Yakov Ivanitch, clenching his fists and not looking at him for fear of striking him, went quickly out of the room. Feeling himself a huge terrible wild beast, just as he had done before on the road, he crossed the passage into the grey, dirty room, reeking with smoke and fog, in which the peasants usually drank tea, and there he spent a long time walking from one corner to the other, treading heavily, so that the crockery jingled on the shelves and the tables shook. It was clear to him now that he was himself dissatisfied with his religion, ant could not pray as he used to do. He must repent, he must think things over, reconsider, live and pray in some other way. But how pray? And perhaps all this was a temptation of the devil, and nothing of this was necessary? . . . How was it to be? What was he to do? Who could guide him? What helplessness! He stopped and, clutching at his head, began to think, but Matvey's being near him prevented him from reflecting calmly. And he went rapidly into the room.
Matvey was sitting in the kitchen before a bowl of potato, eating. Close by, near the stove, Aglaia and Dashutka were sitting facing one another, spinning yarn. Between the stove and the table at which Matvey was sitting was stretched an ironing-board; on it stood a cold iron.
"Sister," Matvey asked, "let me have a little oil!"
"Who eats oil on a day like this?" asked Aglaia.
"I am not a monk, sister, but a layman. And in my weak health I may take not only oil but milk."
"Yes, at the factory you may have anything."
Aglaia took a bottle of Lenten oil from the shelf and banged it angrily down before Matvey, with a malignant smile evidently pleased that he was such a sinner.
"But I tell you, you can't eat oil!" shouted Yakov.
Aglaia and Dashutka started, but Matvey poured the oil into the bowl and went on eating as though he had not heard.
"I tell you, you can't eat oil!" Yakov shouted still more loudly; he turned red all over, snatched up the bowl, lifted it higher that his head, and dashed it with all his force to the ground, so that it flew into fragments. "Don't dare to speak!" he cried in a furious voice, though Matvey had not said a word. "Don't dare!" he repeated, and struck his fist on the table.
Matvey turned pale and got up.
"Brother!" he said, still munching -- "brother, think what you are about!"
"Out of my house this minute!" shouted Yakov; he loathed Matvey's wrinkled face, and his voice, and the crumbs on his moustache, and the fact that he was munching. "Out, I tell you!"
"Brother, calm yourself! The pride of hell has confounded you!"
"Hold your tongue!" (Yakov stamped.) "Go away, you devil!"
"If you care to know," Matvey went on in a loud voice, as he, too, began to get angry, "you are a backslider from God and a heretic. The accursed spirits have hidden the true light from you; your prayer is not acceptable to God. Repent before it is too late! The deathbed of the sinner is terrible! Repent, brother!"

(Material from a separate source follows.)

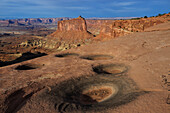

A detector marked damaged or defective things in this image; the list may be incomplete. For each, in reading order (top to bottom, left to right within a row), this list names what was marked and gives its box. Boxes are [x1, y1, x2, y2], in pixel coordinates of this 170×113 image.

pothole in sandstone [35, 74, 144, 112]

Yakov seized him by the shoulders and dragged him away from the table, while he turned whiter than ever, and frightened and bewildered, began muttering, "What is it? What's the matter?" and, struggling and making efforts to free himself from Yakov's hands, he accidentally caught hold of his shirt near the neck and tore the collar; and it seemed to Aglaia that he was trying to beat Yakov. She uttered a shriek, snatched up the bottle of Lenten oil and with all her force brought it down straight on the skull of the cousin she hated. Matvey reeled, and in one instant his face became calm and indifferent. Yakov, breathing heavily, excited, and feeling pleasure at the gurgle the bottle had made, like a living thing, when it had struck the head, kept him from falling and several times (he remembered this very distinctly) motioned Aglaia towards the iron with his finger; and only when the blood began trickling through his hands and he heard Dashutka's loud wail, and when the ironing-board fell with a crash, and Matvey rolled heavily on it, Yakov left off feeling anger and understood what had happened.
"Let him rot, the factory buck!" Aglaia brought out with repulsion, still keeping the iron in her hand. The white bloodstained kerchief slipped on to her shoulders and her grey hair fell in disorder. "He's got what he deserved!"
Everything was terrible. Dashutka sat on the floor near the stove with the yarn in her hands, sobbing, and continually bowing down, uttering at each bow a gasping sound. But nothing was so terrible to Yakov as the potato in the blood, on which he was afraid of stepping, and there was something else terrible which weighed upon him like a bad dream and seemed the worst danger, though he could not take it in for the first minute. This was the waiter, Sergey Nikanoritch, who was standing in the doorway with the reckoning beads in his hands, very pale, looking with horror at what was happening in the kitchen. Only when he turned and went quickly into the passage and from there outside, Yakov grasped who it was and followed him.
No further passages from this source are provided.